:: What you should do ::
Retype the records below exactly as they appear, but leave out any pictures.

** Opening Input material block **

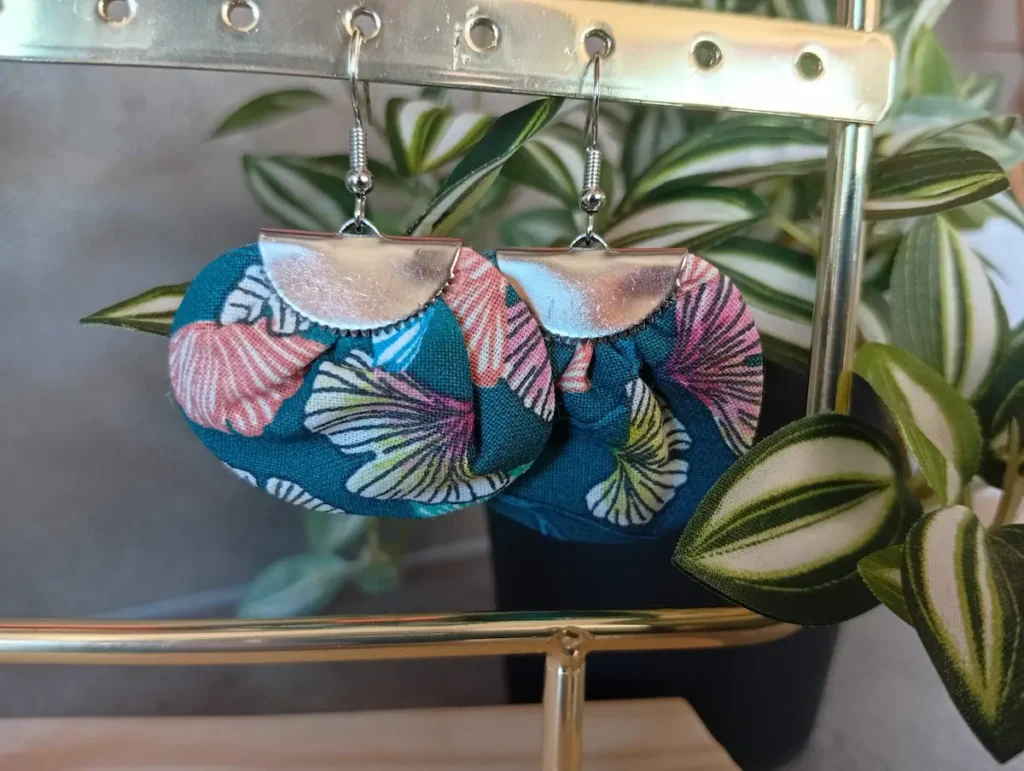 Boucles d'oreilles créoles 'clutch' textile motif floral ginkgo et métal doré fait main Normandie Cousu Mel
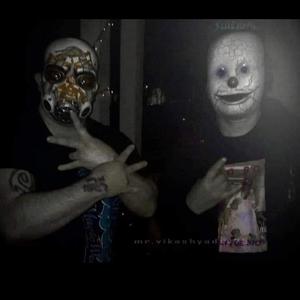 DARKNESS (feat. Johnny GRAVES) (Explicit)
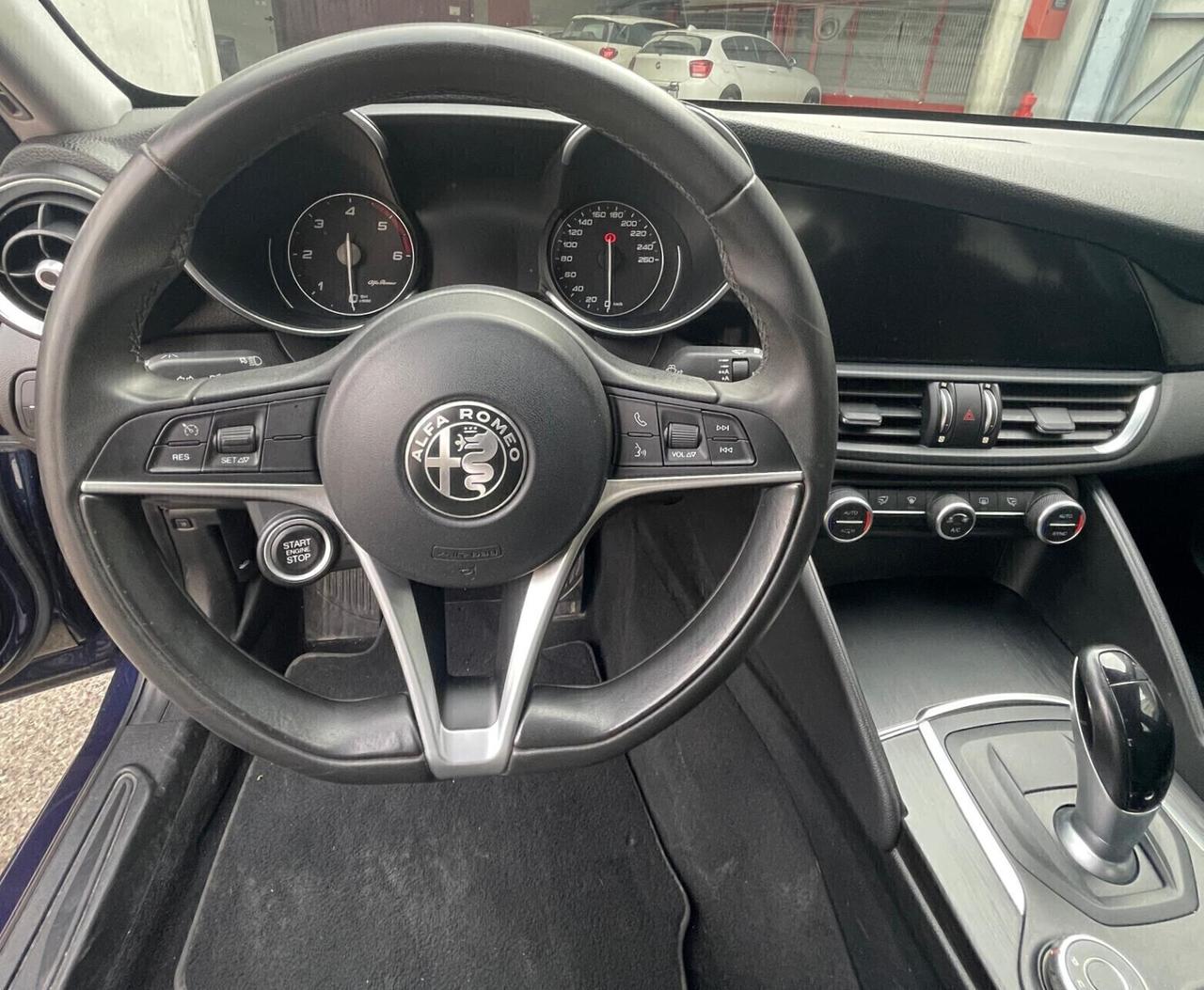 Alfa Romeo Giulia 2.2 Turbodiesel 150 CV AT8 Super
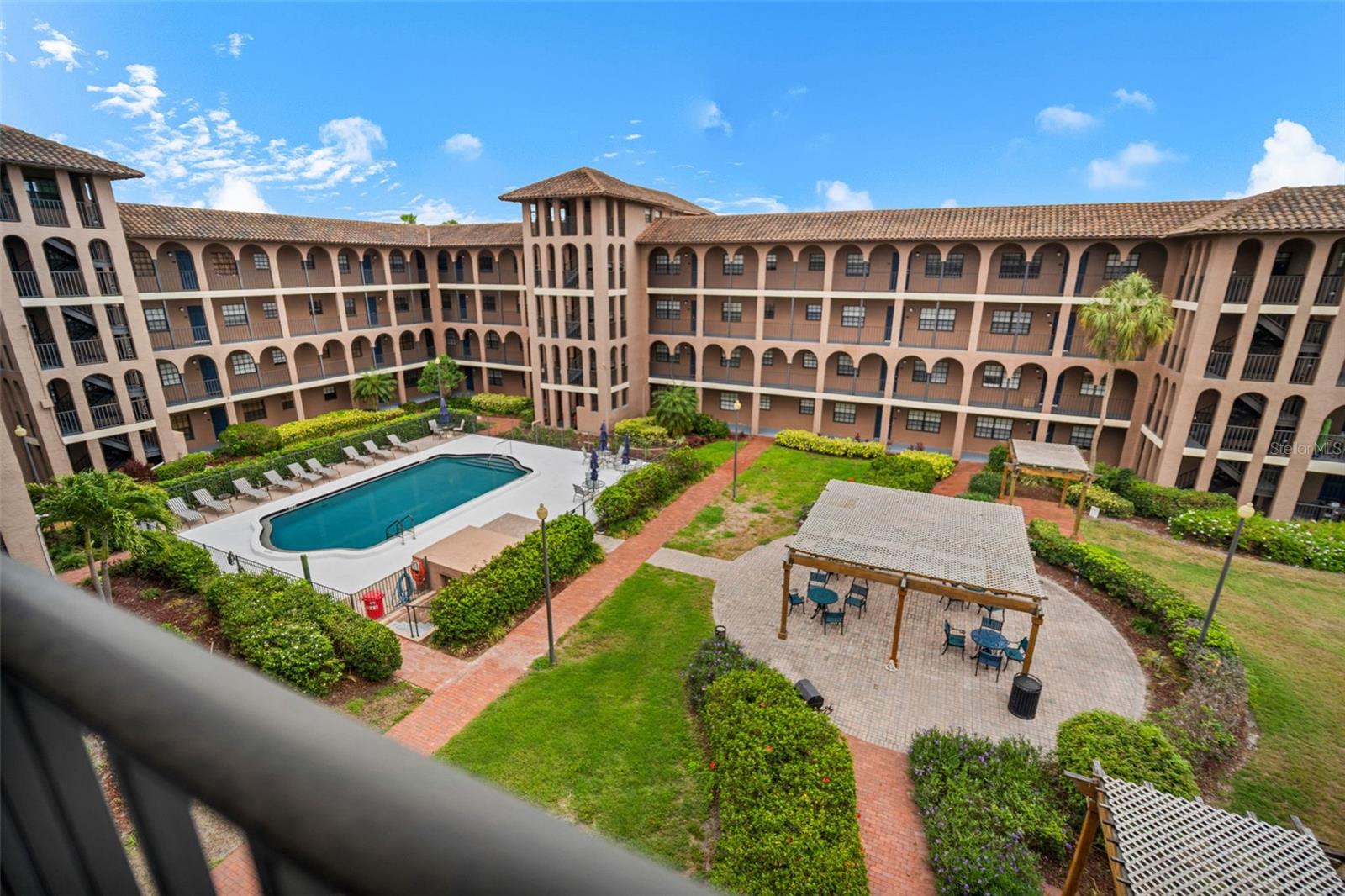 6100 Gulfport Blvd S #402 Property Photo 1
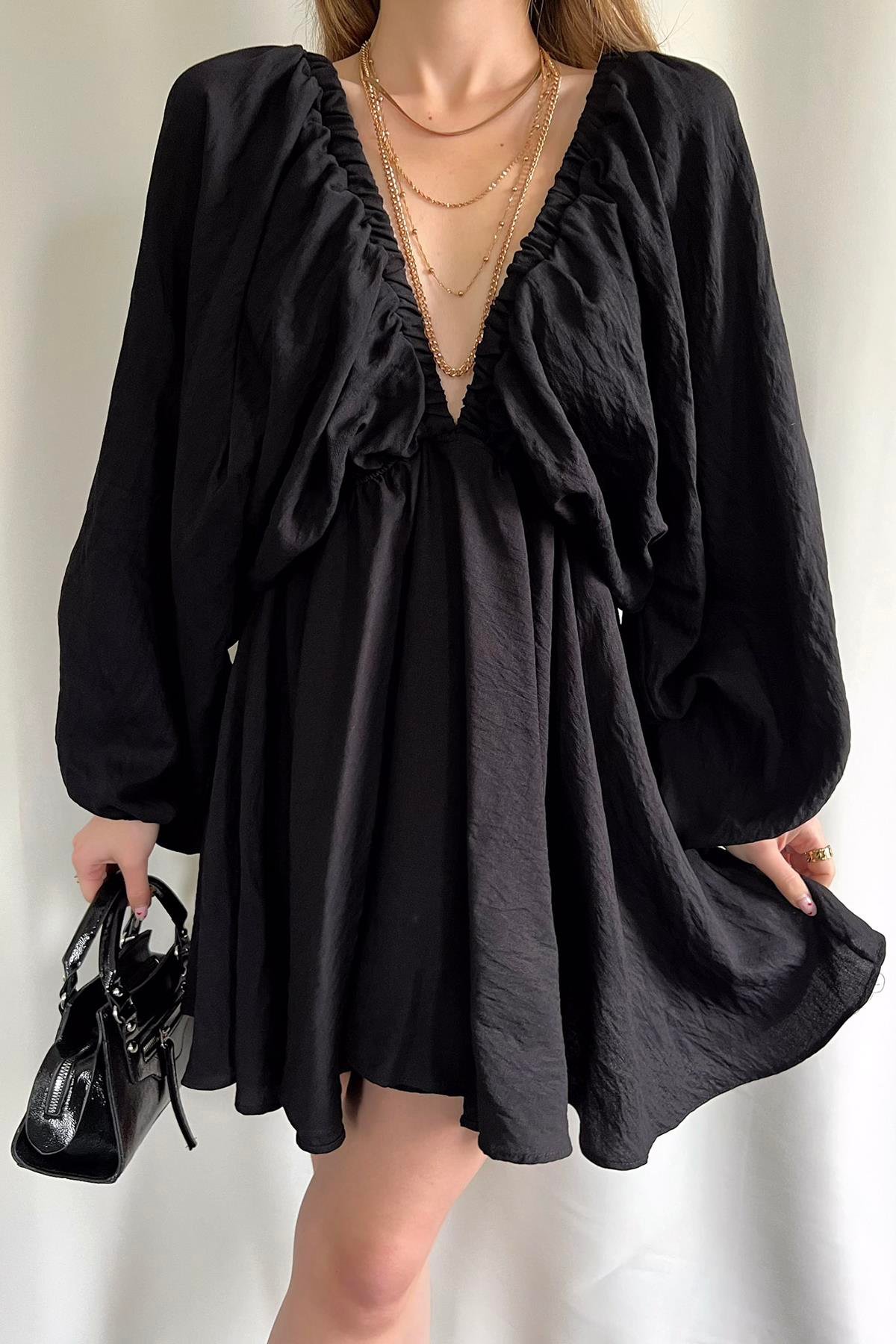 BLUMENKLEID MIT BALLONÄRMELN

** Closing Input material block **

:: Task result ::
 Boucles d'oreilles créoles 'clutch' textile motif floral ginkgo et métal doré fait main Normandie Cousu Mel
 DARKNESS (feat. Johnny GRAVES) (Explicit)
 Alfa Romeo Giulia 2.2 Turbodiesel 150 CV AT8 Super
 6100 Gulfport Blvd S #402 Property Photo 1
 BLUMENKLEID MIT BALLONÄRMELN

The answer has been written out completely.